Text is interesting in that one piece of text may mention concept A and concept B, and another piece of text may mention B and C. There’s a relationship there, but not a complete overlap. This can sometimes be important for analytical purposes.
Grouping is an important concept, and is one that we’ll examine more later on in this presentation, particularly when we’re talking about graphing and clustering.
Pie charts are another default visualization. Think about them for a second. Do you really need to show people how to do percentages? They don’t work very well for anything more than 3-4 things. They’re also really easy to lie with – ever see a 3d pie chart where it’s kinda on an angle? That makes it really hard to see.
Tables are better. Use tables. They’re not going to take up graphical space, but they’re really easy to read.
Since we’re talking about pie charts, let’s talk about another easy area for manipulation.
One needs to ask some stuff about “what are the bounds of neutral” – if you have a narrow bound, then you’ll get more content in positive and negative.
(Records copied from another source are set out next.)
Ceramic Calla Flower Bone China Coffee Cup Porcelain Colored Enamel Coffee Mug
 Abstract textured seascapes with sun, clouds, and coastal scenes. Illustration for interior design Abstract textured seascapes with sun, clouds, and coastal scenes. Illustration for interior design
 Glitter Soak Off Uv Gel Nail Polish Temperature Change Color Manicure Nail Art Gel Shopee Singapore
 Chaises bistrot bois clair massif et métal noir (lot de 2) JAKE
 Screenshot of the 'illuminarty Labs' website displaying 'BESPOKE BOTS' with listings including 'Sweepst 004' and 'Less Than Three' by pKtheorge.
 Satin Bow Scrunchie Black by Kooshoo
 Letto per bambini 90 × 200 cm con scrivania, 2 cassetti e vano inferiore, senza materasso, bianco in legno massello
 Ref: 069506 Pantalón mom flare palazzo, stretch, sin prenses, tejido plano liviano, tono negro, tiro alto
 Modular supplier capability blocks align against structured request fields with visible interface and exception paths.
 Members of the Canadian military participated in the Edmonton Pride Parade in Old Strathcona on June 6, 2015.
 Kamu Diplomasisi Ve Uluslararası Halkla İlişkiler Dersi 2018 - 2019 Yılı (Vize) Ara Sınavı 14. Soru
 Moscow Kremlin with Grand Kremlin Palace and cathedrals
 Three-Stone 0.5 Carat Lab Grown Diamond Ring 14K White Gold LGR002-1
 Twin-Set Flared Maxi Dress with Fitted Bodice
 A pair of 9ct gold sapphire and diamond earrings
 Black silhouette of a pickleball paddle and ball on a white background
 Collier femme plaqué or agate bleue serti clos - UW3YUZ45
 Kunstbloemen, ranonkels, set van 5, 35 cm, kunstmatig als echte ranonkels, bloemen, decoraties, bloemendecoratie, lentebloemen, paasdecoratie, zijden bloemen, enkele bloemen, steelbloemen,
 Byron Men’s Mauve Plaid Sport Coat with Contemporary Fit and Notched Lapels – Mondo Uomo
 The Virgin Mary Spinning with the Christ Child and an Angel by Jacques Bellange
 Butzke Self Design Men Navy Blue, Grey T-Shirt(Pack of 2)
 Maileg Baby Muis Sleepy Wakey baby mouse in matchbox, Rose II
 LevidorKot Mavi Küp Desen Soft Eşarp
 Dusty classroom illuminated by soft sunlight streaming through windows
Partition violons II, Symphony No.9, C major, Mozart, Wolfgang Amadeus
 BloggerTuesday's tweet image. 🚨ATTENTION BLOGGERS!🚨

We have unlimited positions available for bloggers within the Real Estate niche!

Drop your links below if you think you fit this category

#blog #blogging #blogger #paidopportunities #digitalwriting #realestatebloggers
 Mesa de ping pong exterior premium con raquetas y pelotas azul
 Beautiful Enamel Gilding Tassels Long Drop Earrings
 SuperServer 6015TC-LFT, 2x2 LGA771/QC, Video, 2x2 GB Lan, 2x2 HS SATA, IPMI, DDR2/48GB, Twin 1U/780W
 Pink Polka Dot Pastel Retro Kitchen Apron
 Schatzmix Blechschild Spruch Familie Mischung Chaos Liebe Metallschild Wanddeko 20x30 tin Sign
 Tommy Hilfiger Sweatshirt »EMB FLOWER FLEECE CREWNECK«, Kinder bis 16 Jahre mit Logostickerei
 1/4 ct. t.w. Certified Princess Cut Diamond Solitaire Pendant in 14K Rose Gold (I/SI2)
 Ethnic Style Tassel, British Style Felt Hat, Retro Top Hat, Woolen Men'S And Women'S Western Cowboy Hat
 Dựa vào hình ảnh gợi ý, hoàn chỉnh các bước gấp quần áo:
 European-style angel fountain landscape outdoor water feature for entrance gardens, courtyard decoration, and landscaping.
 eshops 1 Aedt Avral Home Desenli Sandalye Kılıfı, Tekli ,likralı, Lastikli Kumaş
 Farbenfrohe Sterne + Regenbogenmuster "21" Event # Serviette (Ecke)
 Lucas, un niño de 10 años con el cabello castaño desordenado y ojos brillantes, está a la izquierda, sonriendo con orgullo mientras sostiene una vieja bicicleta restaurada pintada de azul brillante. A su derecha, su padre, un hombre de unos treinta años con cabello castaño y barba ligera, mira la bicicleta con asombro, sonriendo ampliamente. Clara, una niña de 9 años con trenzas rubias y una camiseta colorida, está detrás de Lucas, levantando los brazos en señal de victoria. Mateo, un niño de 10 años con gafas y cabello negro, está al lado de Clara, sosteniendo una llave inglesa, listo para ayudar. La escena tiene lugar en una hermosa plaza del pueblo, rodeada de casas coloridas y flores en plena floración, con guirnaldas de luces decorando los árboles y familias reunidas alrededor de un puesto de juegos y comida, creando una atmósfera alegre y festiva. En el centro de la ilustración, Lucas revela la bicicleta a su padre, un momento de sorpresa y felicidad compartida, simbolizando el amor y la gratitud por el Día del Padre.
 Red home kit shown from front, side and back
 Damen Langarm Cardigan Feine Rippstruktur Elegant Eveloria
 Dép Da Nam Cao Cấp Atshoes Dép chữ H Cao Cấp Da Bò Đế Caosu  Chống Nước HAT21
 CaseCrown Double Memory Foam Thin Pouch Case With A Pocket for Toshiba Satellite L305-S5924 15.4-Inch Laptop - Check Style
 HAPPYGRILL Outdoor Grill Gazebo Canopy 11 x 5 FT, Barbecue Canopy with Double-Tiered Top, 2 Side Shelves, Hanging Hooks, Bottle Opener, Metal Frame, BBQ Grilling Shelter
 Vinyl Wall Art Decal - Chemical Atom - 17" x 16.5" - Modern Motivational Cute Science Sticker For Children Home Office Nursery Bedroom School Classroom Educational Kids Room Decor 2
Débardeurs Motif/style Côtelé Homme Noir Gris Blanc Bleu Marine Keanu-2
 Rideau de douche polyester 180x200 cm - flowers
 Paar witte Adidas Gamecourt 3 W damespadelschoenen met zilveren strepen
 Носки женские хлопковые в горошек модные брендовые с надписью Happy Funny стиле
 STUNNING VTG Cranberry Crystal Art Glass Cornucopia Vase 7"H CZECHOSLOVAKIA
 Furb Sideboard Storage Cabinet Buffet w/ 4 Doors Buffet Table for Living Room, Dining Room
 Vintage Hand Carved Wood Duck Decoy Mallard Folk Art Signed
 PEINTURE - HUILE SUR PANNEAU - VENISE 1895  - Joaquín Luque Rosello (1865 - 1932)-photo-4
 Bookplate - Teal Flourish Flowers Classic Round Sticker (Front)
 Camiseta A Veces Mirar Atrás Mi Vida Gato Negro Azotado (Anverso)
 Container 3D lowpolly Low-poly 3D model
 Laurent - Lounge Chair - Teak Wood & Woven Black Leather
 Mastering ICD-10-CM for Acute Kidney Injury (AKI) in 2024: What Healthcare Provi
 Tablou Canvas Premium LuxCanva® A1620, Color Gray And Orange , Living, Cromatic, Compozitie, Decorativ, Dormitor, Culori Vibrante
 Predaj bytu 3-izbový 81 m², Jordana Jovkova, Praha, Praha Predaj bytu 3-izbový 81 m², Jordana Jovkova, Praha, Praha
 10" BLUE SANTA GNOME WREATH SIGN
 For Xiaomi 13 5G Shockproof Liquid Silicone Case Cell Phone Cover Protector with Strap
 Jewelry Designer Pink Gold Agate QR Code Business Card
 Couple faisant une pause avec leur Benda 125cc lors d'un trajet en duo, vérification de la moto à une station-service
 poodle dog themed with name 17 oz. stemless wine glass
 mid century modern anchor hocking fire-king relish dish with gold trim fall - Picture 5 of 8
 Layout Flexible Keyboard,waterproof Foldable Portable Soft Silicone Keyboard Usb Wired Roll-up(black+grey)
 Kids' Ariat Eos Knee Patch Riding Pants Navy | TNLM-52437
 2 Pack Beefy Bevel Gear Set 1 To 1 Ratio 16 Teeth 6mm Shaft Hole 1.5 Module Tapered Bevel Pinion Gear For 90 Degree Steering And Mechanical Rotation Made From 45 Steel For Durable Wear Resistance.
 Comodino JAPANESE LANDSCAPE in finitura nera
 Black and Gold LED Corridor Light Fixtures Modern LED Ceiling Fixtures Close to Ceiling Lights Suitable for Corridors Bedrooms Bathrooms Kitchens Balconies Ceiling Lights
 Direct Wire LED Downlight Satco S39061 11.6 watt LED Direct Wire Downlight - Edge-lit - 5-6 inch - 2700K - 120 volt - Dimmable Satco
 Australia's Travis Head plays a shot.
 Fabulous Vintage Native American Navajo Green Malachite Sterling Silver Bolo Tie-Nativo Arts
We’ve actually found with our software that the results most agree with humans when the bounds are a little lopsided (-.1 for negative, +.15 for positive).
Scales and such will differ, but for any sentiment tool that is reporting numbers, it’s important to understand these bounds.
Lines are great. Now you start getting into more information packed onto the graph.
This chart is the result of taking 150,000 songs, running them line-by-line through our sentiment engine, and then bucketing them into songs that follow different topologies – for example, “positive-positive” would be a song that in the first half is positive, and then stays positive for the last half.
This graph has some flaws on it – namely the sharp dropoff. It gives a misleading bit of information due to a lack of data in the later years. It’s true, but looks misleading.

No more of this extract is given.